A hazardous waste bin is provided to allow addicts to dispose of their used needles and other paraphernalia safely.

Colourful signs adorn the walls in the Sydney centre advising best practise on injecting, including the use of syringe filters.

"Only particles like chalk and wax are trapped in the filter while your drug passes through," reads one sign.

The centre is located in Kings Cross in Sydney.

It is legal to shoot up inside these centres and there are nurses and healthcare workers on hand to intervene if things go wrong.

Just this week the Ana Liffey handed over draft legislation to the new Minister for Drugs Aodhan O Riordain which could allow for the setting up of such centres.

There are a number of legal issues to be ironed out if the centres are to be opened here as the proposed bill makes it legal to inject heroin and other drugs on site.

The Sydney centre is supervised by Dr Marianne Jauncey, who is only on-site part time.

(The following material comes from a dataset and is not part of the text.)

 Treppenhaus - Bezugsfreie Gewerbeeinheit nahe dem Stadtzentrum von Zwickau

Mr Duffin explained how the centres worked on a practical level in Sydney.

"A person comes into a reception area, if they aren't registered they do so, and they're asked what they have taken today and what are they here to take now.

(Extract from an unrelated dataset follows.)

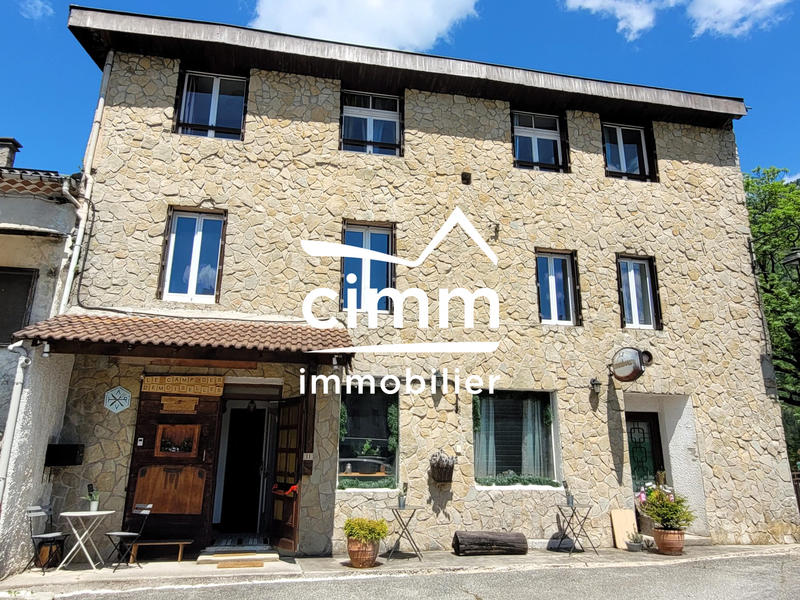 Maison ancienne - 354 m² - 8 pièces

"They go through and get the equipment from a member of staff - up to 16 people can inject themselves at one time and I did witness 16 people inject themselves.


"They do what they would normally be doing, in either the privacy of their own home, if they had a home, or in the street but they are doing it with medical support.

"All being well they simply tidy up and go through to the aftercare area where they engage with staff further.

"The alternative is that something does go wrong and there is staff there to administer oxygen or whatever is needed," he added.

Since 2001 the Kings Cross centre has dealt with 4,700 overdoses but none of these has been fatal, Mr Duffin said.